John T. Redmond, Allegiant Travel Company - President and Director [24]

--------------------------------------------------------------------------------

Well, that's one of the data points I'd shared when I opened, was that the lender community or the financing community we're talking to, they have no requirements on advanced sales, presales or deposits. They have none. They just -- they love the project and there is a lot of interest in it. And they have no requirements regarding it. The only thing where they come into play is, if on the equity side that they would be looking at, it offsets the amount of equity we would have to come up with. But there's no obligation. So if we had zero sales, just to throw it out there, your equity is just your percentage, whether it's 20% or 25%. But that, again, would be offset by any sales activity or sales contracts that we would have. So we aren't -- and these are dates that haven't changed, either. These are -- I had mentioned earlier -- early on, that we were hoping to go to sales contracts in the April, May time frame that's lagging a little bit into probably closer to sort of May, June, only because you have to file these contracts with the state of Florida. And in order to do that, your production drawings on how you're going to build it and what you're going to build and what a buyer gets has to be further evolved. So we can't go to a purchase agreement until those construction documents are further evolved, which as I said, we expect that to happen at the end of April, early May. So around that time frame is when we would then start going to actual purchase contracts, which is at the same time you're, again, dealing with financing and dealing with the certainty on everything else. So we're comfortable with all that pacing. That's why we want to get a sales office on site so if people want to look at the project, they can, and we'll continue to mine the database and get additional deposits. So we, again, those deposits what they do is offset the equity requirement, but they're not a condition to moving forward.

--------------------------------------------------------------------------------

Operator [25]

--------------------------------------------------------------------------------

And our next question comes from the line of Mike Linenberg from Deutsche Bank.

--------------------------------------------------------------------------------

Michael John Linenberg, Deutsche Bank AG, Research Division - MD and Senior Company Research Analyst [26]

--------------------------------------------------------------------------------

Just a couple questions here. Lukas, you mentioned about the defensible nature of your network, and how the fact that maybe you weren't going to be caught up with some of the capacity additions and some of the intensive pricing that we saw earlier in -- for the latter part of 2017. Where -- can you just give us an update on the number of city pairs that you're in today, and what the number of city pairs that you have head-to-head competition at present?

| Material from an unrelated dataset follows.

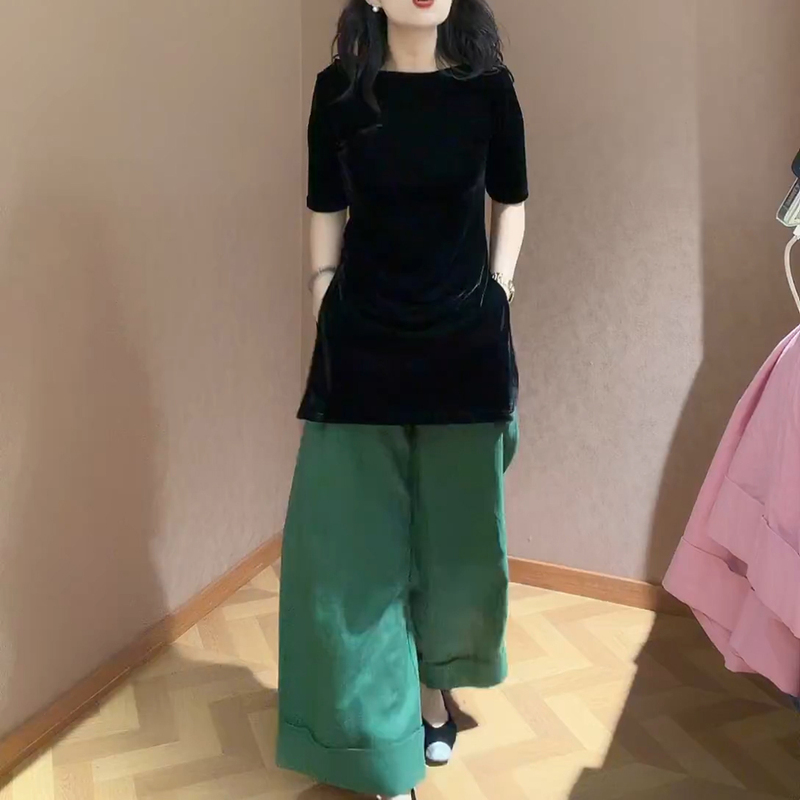 Fashionable and Simple Summer Outfit for Women, Featuring a Relaxed and Casual Feel, with a Slit Short-Sleeve T-Shirt Top and Wide-Leg Pants Two-Piece Set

--------------------------------------------------------------------------------

Lukas Johnson, [27]

--------------------------------------------------------------------------------

Yes, the number hasn't materially changed over the last year. We, slowly, are still right around the 80% or so. In terms of market pairs, we're over 400 market pairs and we're probably by the Midsummer, going to be increasing that number. And again, when we go into a market, we're not particularly looking for competition. Certainly, the competitive markets we have, we do well in or else we wouldn't be in them. But it's nothing that we're particularly going to avoid if it's an opportunity. But first and foremost, the most controllable nature, again, is if nobody's going in there.

--------------------------------------------------------------------------------

Michael John Linenberg, Deutsche Bank AG, Research Division - MD and Senior Company Research Analyst [28]

--------------------------------------------------------------------------------

Okay. Okay. That's helpful. And then, Scott, just -- look, I know you don't want to guide on the quarters, and you gave a little bit of commentary around peak and off-peak capacity and what you're doing through the year. But when I look at your fleet and the numbers, I think they're right, where you start the year, the high 80s and your fleet gets up to 100 and then back to 82. I mean, there's a lot of movement in your fleet. Should we assume that the capacity growth rates through the year are going to follow that movement in the fleet? Or are there going to be a period, where you're just going to have some airplanes that are going to be underutilized because you're carrying excess capacity?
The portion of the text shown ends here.